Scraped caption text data
= Beginning of Section =

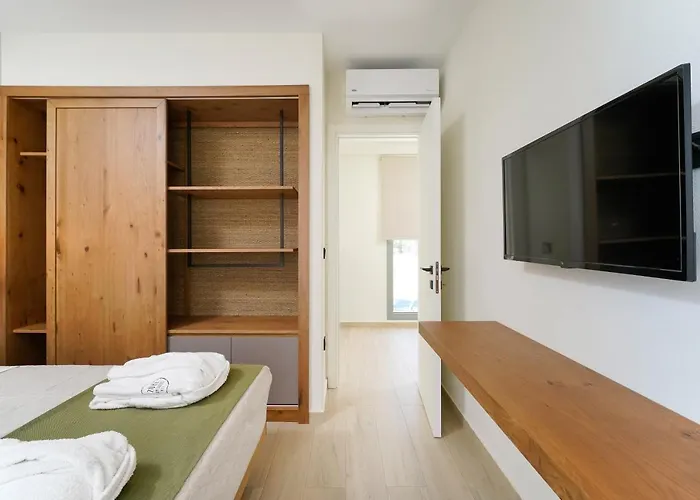 Otel Azzure Luxury Potos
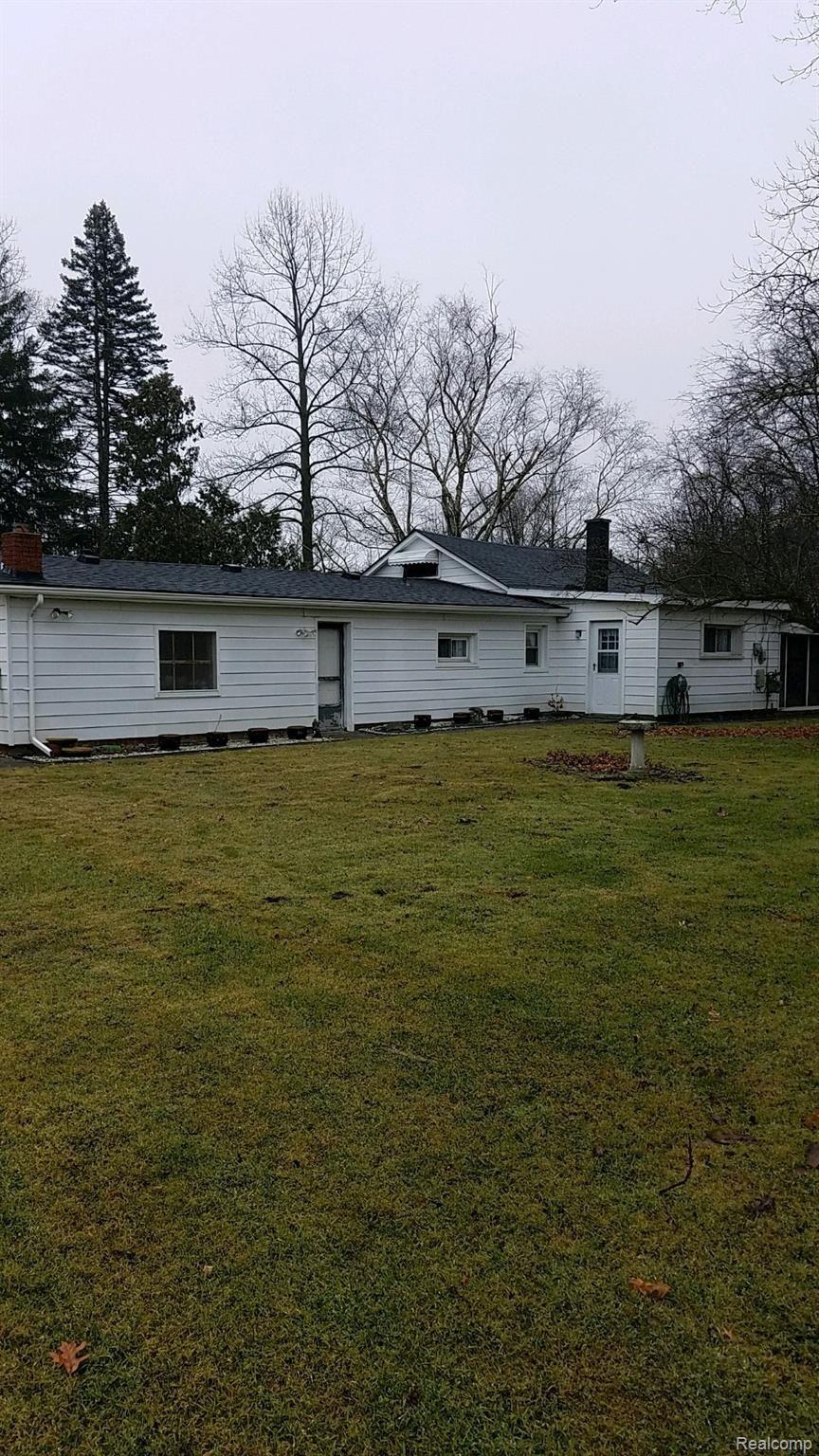 14198 Inkster Road Romulus, MI 48174 - Photo 2 of 27 50554D08-96B0-45D2-8E3C-E6A05CD4A2BB.jpeg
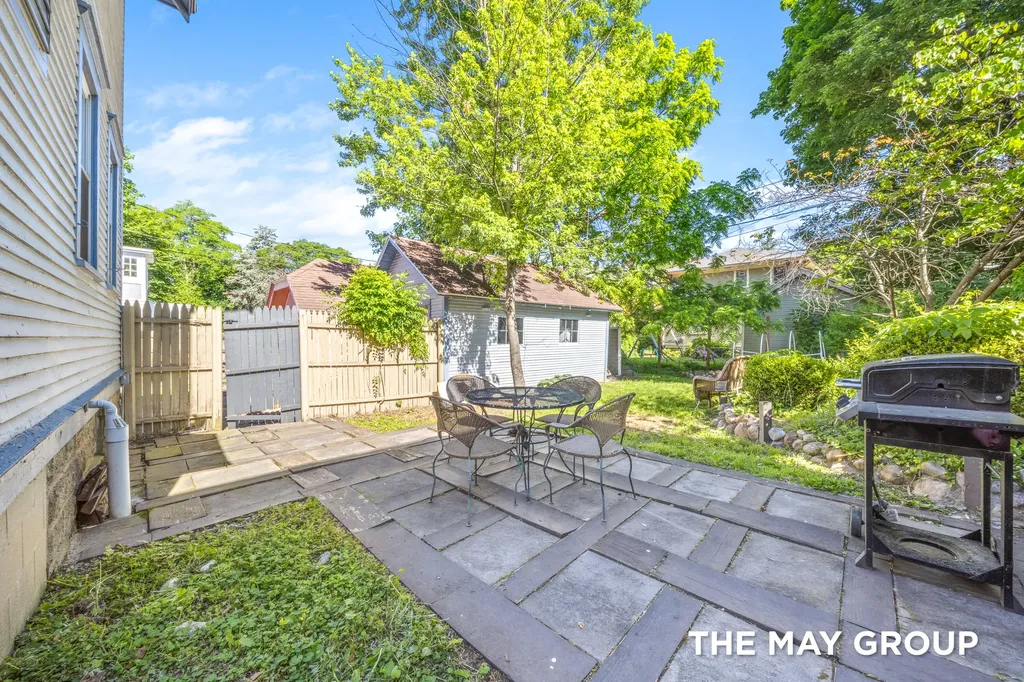 733 Lockwood Street NE Grand Rapids City MI 49503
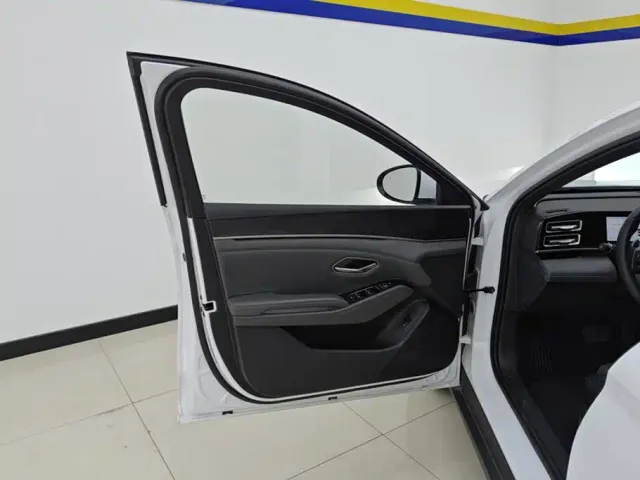 BYD Qin L — Фото автомобиля 7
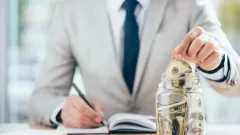 225 млрд тенге из ЕНПФ вложили в облигации Самрук-Казыны, Байтерека и двух банков в конце 2025 года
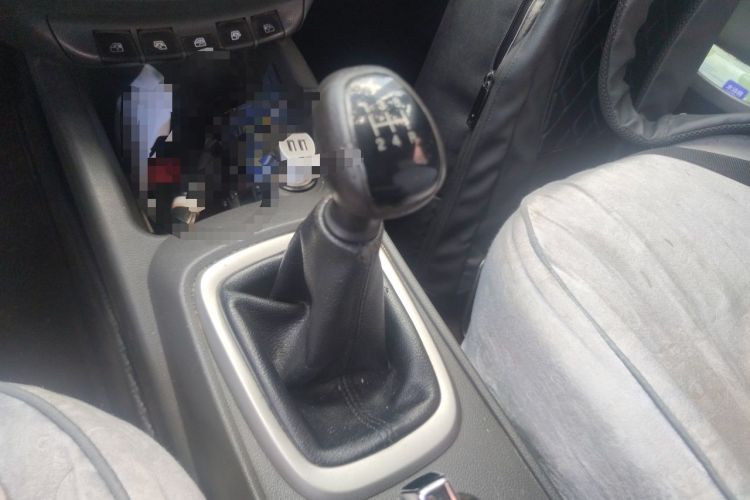 Used Chevrolet Sail 2015 Sail 3 1.3L Manual Ideal Edition Gear Lever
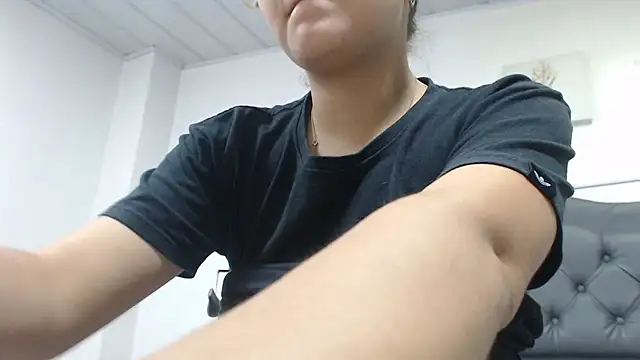 Giia Monroe online show from 01-05-26, 05:27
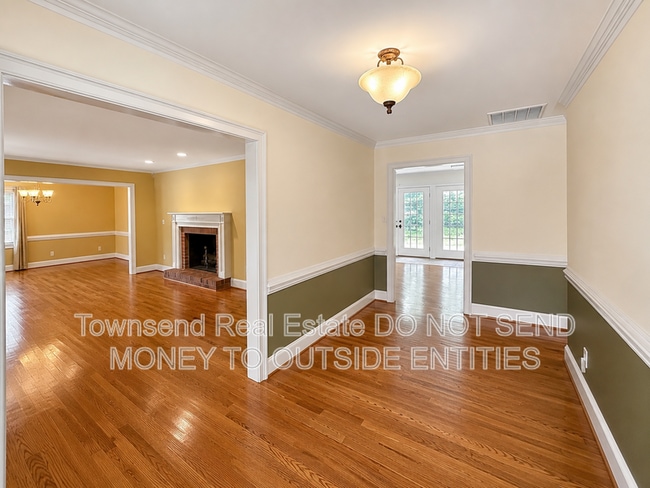 Building Photo - 342 Devane St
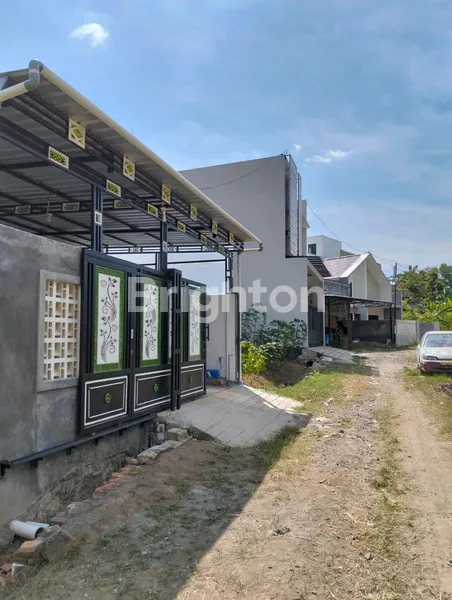 image RUMAH BARU MOJOSONGO LT 95 MTR FULL BANGUNAN – DEKAT TA TV SOLO, SIAP HUNI! (2)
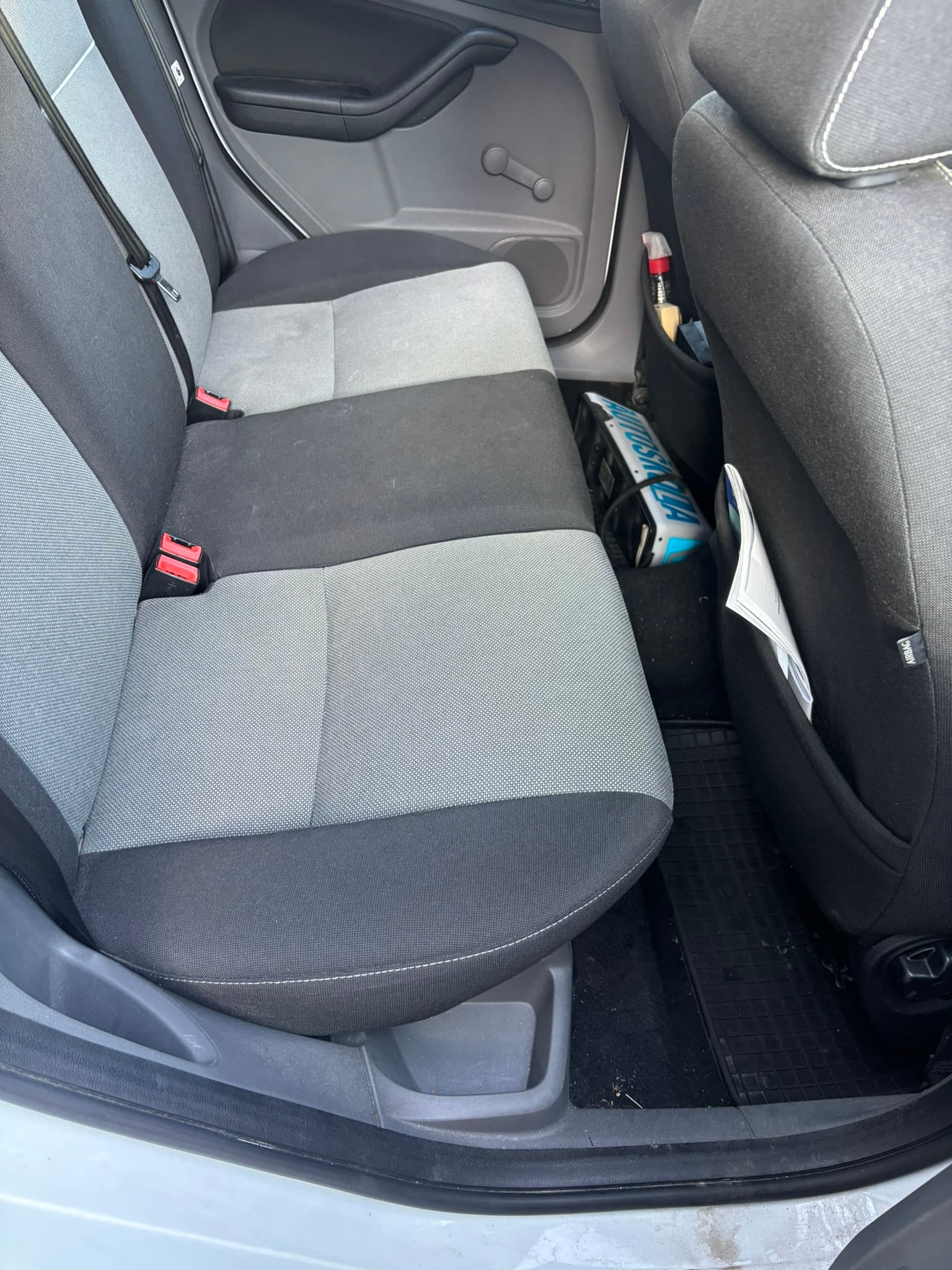 Ford Focus — Deep Clean Před 5
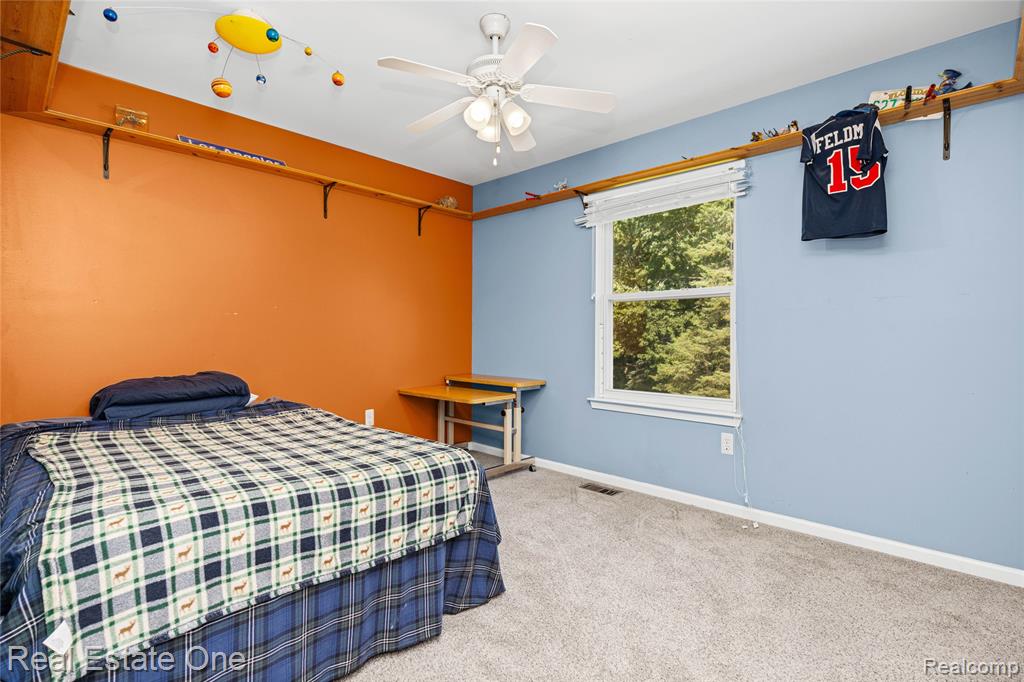 7570 Greenway Lane, West Bloomfield, MI 48324 — Photo 48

= End of Section =

▸ Exercise objective:
Give back the full data exactly as it reads, but drop the pictures.

▸ Task answer:
 Otel Azzure Luxury Potos
 14198 Inkster Road Romulus, MI 48174 - Photo 2 of 27 50554D08-96B0-45D2-8E3C-E6A05CD4A2BB.jpeg
 733 Lockwood Street NE Grand Rapids City MI 49503
 BYD Qin L — Фото автомобиля 7
 225 млрд тенге из ЕНПФ вложили в облигации Самрук-Казыны, Байтерека и двух банков в конце 2025 года
 Used Chevrolet Sail 2015 Sail 3 1.3L Manual Ideal Edition Gear Lever
 Giia Monroe online show from 01-05-26, 05:27
 Building Photo - 342 Devane St
 image RUMAH BARU MOJOSONGO LT 95 MTR FULL BANGUNAN – DEKAT TA TV SOLO, SIAP HUNI! (2)
 Ford Focus — Deep Clean Před 5
 7570 Greenway Lane, West Bloomfield, MI 48324 — Photo 48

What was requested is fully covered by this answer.